Add docs

go-inoue · go-inoue · commit f2ff4ac937bf · 2022-04-05T14:58:46.000+09:00
diff --git a/docs/source/api/disambig/bert.rst b/docs/source/api/disambig/bert.rst
@@ -0,0 +1,37 @@
+camel_tools.disambig.bert
+=========================
+
+.. automodule:: camel_tools.disambig.bert
+
+Classes
+-------
+
+.. autoclass:: camel_tools.disambig.bert.BERTUnfactoredDisambiguator
+   :members:
+
+
+Examples
+--------
+
+Below is an example of how to load and use the default pre-trained CAMeLBERT
+based model to disambiguate words in a sentence.
+
+.. code-block:: python
+
+   from camel_tools.disambig.bert import BERTUnfactoredDisambiguator
+
+   unfactored = BERTUnfactoredDisambiguator.pretrained()
+
+   # We expect a sentence to be whitespace/punctuation tokenized beforehand.
+   # We provide a simple whitespace and punctuation tokenizer as part of camel_tools.
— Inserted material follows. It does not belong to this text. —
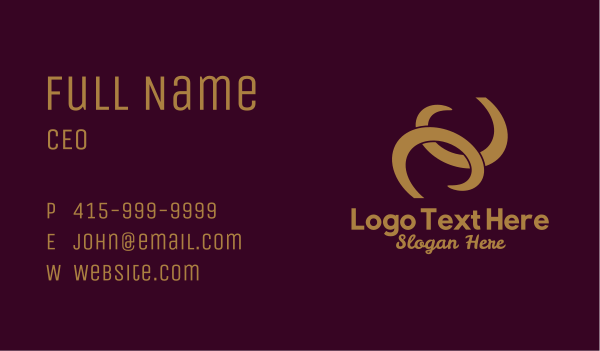Gold Earrings Jewelry  Business Card Design Image Preview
+   # See camel_tools.tokenizers.word.simple_word_tokenize.
+   sentence = ['سوف', 'نقرأ', 'الكتب']
+
+   disambig = unfactored.disambiguate(sentence)
+
+   # Let's, for example, use the top disambiguations to generate a diacritized 
+   # version of the above sentence.
+   # Note that, in practice, you'll need to make sure that each word has a
+   # non-zero list of analyses.
+   diacritized = [d.analyses[0].analysis['diac'] for d in disambig]
+   print(' '.join(diacritized))